== DATA EXCERPTS ==
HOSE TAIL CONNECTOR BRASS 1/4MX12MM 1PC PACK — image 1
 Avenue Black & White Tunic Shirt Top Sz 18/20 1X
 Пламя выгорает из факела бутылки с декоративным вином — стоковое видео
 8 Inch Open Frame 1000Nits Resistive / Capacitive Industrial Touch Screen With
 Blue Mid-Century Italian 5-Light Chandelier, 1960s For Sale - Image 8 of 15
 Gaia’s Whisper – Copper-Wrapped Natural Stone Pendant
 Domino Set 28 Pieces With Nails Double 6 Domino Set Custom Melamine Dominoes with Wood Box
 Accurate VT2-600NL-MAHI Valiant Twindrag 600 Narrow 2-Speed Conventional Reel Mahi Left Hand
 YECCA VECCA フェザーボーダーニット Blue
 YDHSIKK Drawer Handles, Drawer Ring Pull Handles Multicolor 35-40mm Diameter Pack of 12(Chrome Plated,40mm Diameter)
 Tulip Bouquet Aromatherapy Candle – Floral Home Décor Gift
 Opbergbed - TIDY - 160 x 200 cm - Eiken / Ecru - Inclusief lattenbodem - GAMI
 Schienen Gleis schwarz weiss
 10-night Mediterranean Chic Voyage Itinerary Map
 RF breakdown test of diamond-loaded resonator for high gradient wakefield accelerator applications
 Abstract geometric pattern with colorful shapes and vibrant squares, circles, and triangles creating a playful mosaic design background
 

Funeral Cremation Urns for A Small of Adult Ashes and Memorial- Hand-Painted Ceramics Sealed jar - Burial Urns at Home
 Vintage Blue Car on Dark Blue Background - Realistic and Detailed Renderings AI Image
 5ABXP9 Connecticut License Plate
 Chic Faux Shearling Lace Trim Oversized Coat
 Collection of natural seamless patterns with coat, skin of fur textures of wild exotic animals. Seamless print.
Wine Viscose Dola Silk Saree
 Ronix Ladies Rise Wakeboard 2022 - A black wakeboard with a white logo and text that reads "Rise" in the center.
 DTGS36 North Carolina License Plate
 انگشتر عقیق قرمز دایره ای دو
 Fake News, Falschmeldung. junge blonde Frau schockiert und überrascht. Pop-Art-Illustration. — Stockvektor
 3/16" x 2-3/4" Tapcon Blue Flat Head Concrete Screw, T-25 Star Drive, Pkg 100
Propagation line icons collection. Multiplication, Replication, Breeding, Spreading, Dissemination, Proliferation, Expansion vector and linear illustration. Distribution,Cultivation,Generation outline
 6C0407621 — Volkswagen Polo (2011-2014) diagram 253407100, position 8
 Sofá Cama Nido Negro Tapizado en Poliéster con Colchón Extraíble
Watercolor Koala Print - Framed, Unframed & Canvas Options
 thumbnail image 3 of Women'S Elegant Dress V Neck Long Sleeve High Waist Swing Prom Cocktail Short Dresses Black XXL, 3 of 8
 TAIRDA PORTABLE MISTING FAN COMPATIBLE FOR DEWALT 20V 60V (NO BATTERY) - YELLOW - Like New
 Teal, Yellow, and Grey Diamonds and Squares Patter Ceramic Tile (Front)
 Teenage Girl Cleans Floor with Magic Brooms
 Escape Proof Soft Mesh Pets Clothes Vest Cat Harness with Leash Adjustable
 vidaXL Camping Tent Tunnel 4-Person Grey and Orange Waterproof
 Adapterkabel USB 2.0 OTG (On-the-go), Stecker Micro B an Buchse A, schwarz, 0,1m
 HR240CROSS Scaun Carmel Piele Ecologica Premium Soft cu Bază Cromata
===
### GOAL OF THE EXERCISE:
Out of the listing above, reproduce exactly the lines from the one with "Collection of natural" up to and including the one with "Fake News, Falschmeldung.".

### COMPLETED TASK:
 Collection of natural seamless patterns with coat, skin of fur textures of wild exotic animals. Seamless print.
Wine Viscose Dola Silk Saree
 Ronix Ladies Rise Wakeboard 2022 - A black wakeboard with a white logo and text that reads "Rise" in the center.
 DTGS36 North Carolina License Plate
 انگشتر عقیق قرمز دایره ای دو
 Fake News, Falschmeldung. junge blonde Frau schockiert und überrascht. Pop-Art-Illustration. — Stockvektor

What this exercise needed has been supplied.